Windows service sporadic failure in .NET 4 followed by a blocked port when trying to reboot

About once a day, I get the following error in our mission-critical trading service.

Source: .NET Runtime, Type: Error, Application: Application.exe, Framework version: v4.0.30319, Description: The process was interrupted due to an internal error in .NET Runtime by IP 000006447F281DBD (000006447F100000) with exit code 80131506.

After receiving this error and trying to restart the application, it looks like the sockets we were connected to were not cleared of the previous (unsuccessful) execution, because we get a System.ServiceModel.AddressAlreadyInUseException when trying to bind a socket at startup.

I have two questions.

  • We need to understand why the first error occurs, do you have any information from the error codes, etc.
  • We need a way to bind successfully after an error.

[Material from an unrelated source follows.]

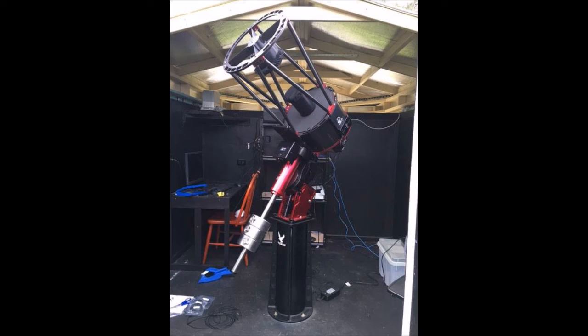So that's all the equipment in my setup. I hope you found it interesting. I thought I'd leave you now with a look at some of the pictures I've taken with that setup.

Any suggestions for cleaning up the ports during the next run.

In the environment in which the application is running,

  • Microsoft Windows Server 2003 R2
  • X64 standard version
  • Service Pack 2
  • 2x 4Core Intel CPU X5365 @ 3.00 GHz
  • 16.0 GB of RAM.
+6
source share
4 answers

This is an ExecutionEngineException from earlier days of .NET. You cannot catch it in .NET 4.0, AppDomain.UnhandledException will not work.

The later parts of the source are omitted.